Worse than the routine partisan hypocrisy by administration apologists, is the complete abrogation of constitutional checks, balances, and executive oversight responsibilities by our Senators and Representatives in Congress.
SEN. PATRICK LEAHY: “It grieves me to think that three decades in this body that I stand here in the Senate, knowing that we’re thinking of doing this. It is so wrong. It is unconstitutional. It is un-American. It is designed to ensure the Bush-Cheney administration will never again be embarrassed by a United States Supreme Court decision reviewing its unlawful abuses of power. The Supreme Court said, ‘You abused your power.’ He said, ‘Ha, we’ll fix that. We have a rubber stamp, a rubber stamp, Congress, that will just set that aside and give us power that nobody, no king or anybody else set foot in this land, ever thought of having.” – Senator Patrick Leahy
In 2007 I again supported the Leahy follow-on effort to restore Habeas Corpus:
“The gutting of the Great Writ of Habeas Corpus is the most notable outstanding assault on civil liberties. Senators Leahy and Spector have just introduced legislation to restore the right without ambiguity and DWSUWF recommends signing the petition to support their efforts. “
If you click on the petition linked in this quote you’ll note the referenced campaign on the Leahy website no longer exits, replaced with a milquetoast request to send a letter to your senator requesting support. I guess it is just not as high a priority for Leahy if a Democrat has “power that nobody, no king or anybody else set foot in this land, ever thought of having.” I expect Democrats will not be as sanguine about the expanded and institutionalized power of the Obama Unitary Executive when and if a Mitt Romney or Sarah Palin steps behind the wheel of this supercharged presidential machine.
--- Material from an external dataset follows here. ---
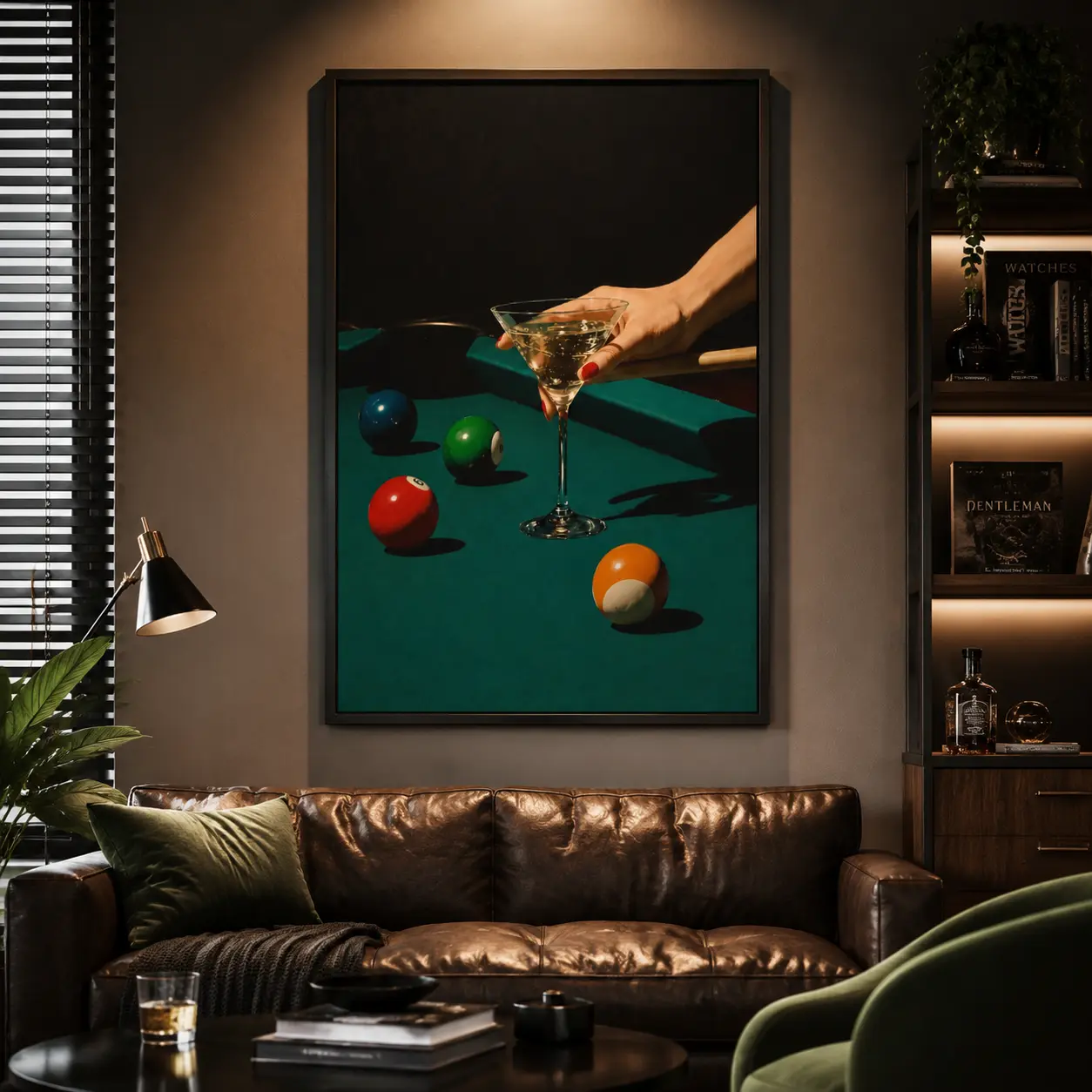 Vintage Dive Bar Pool Canvas Poster |   Retro Billiards Cocktail Wall Art for Man Cave & Home Bar Decor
The ACLU report focuses on civil liberties, but the accelerating accretion of executive power over our economic liberties has been equally egregious. I won’t belabor the point in this post, but will simply point out the obvious. Regardless of what one thinks of the merits or politics of the legislation, it is beyond argument that Obamacare and Financial Regulation as passed, dramatically increase the power held by the executive branch. With these laws, Congress granted vast power to faceless bureaucrats in the executive branch with unfettered latitude to set industrial policy, create and enforce broad new regulations over the healthcare and financial industries.
You’d think, even allowing for partisanship, there would be enough institutional loyalty among our legislators to try to maintain some semblance of balance between the supposedly co-equal legislative and executive branches of government. It is simply not happening. In times of Single Party Rule (as we’ve had for eight of the last ten years) it is Party Über Alles, and the constitutional checks and balances envisioned by the founders between the executive and legislative branch just fade away. This was true with Republicans in 2000-2006, and it is true with Democrats now.
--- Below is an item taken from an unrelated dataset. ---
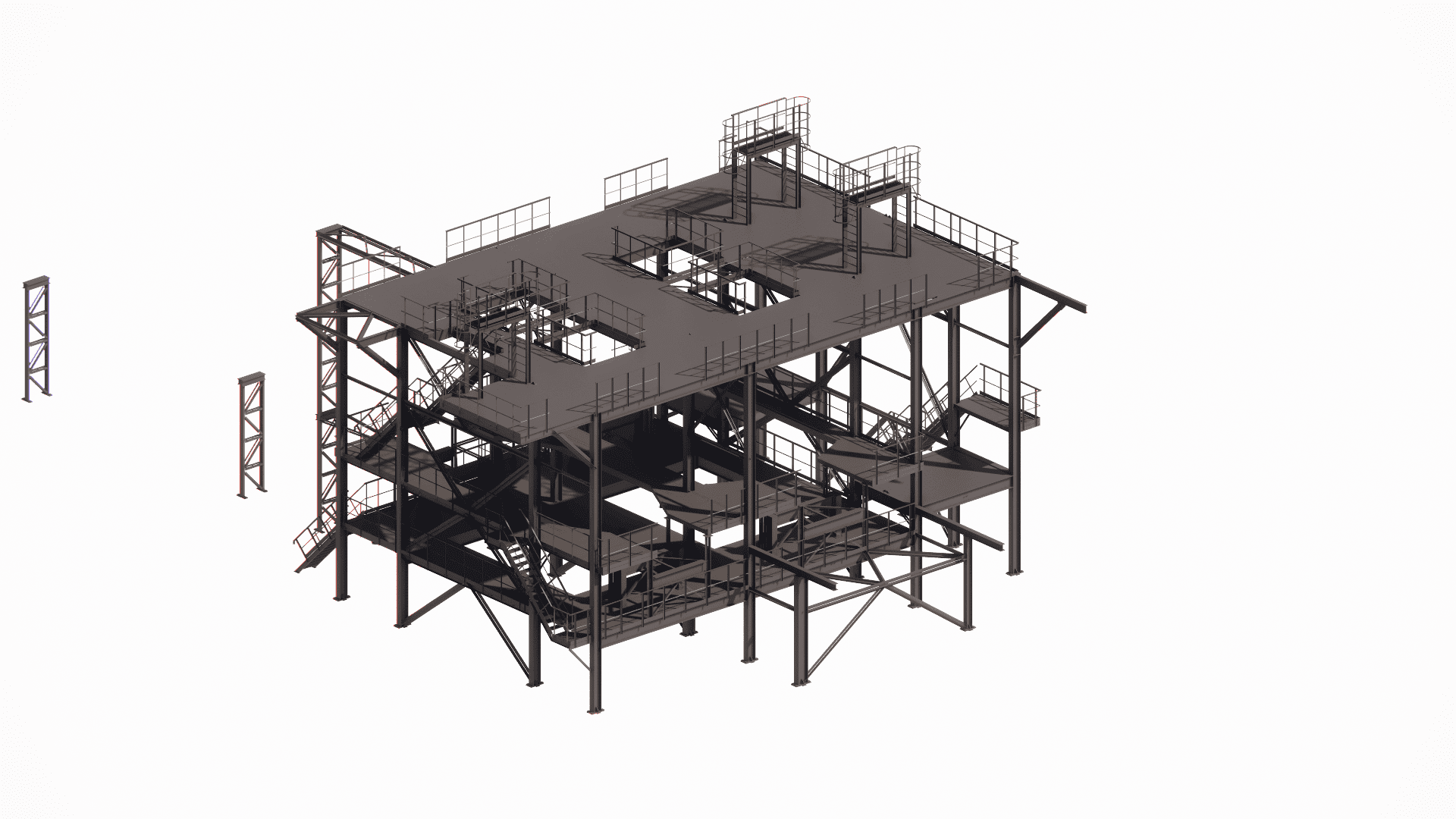 Structural design of access platforms and stairs for servicing technological units, ensuring optimal ergonomics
At the rate that the Senate and House have ceded power to the executive branch over the last decade, combined with the lap dog deference most legislators offer to an executive of the same party, the legislature might as well vote itself out of existence. Perhaps they could be functionally replaced by a Legolist e-mail listserv.
The only remaining restraint on executive power today is the judiciary. This is why I have supported and will continue to support Obama nominations to the Supreme Court. My fervent hope is that the new justices will help form a SCOTUS majority that will pull hard on the reigns of the executive branch, declare many of the Bush/Obama administration actions (civil and economic) unconstitutional, and restore some semblance of the rule of law.
Regardless of what you may think of the political leanings of ACLU, they are fighting the good fight for our constitutional protections in the courts and they are doing it regardless of the party in power. They deserve our support. Beyond the courts, the only other way to restrain the extraordinary economic overreach and fiscal irresponsibility of this executive branch is to vote Republican in 2010 and divide this government. Congress only seems to remember their executive oversight responsibilities when the president is not of the same party as the majority in Congress.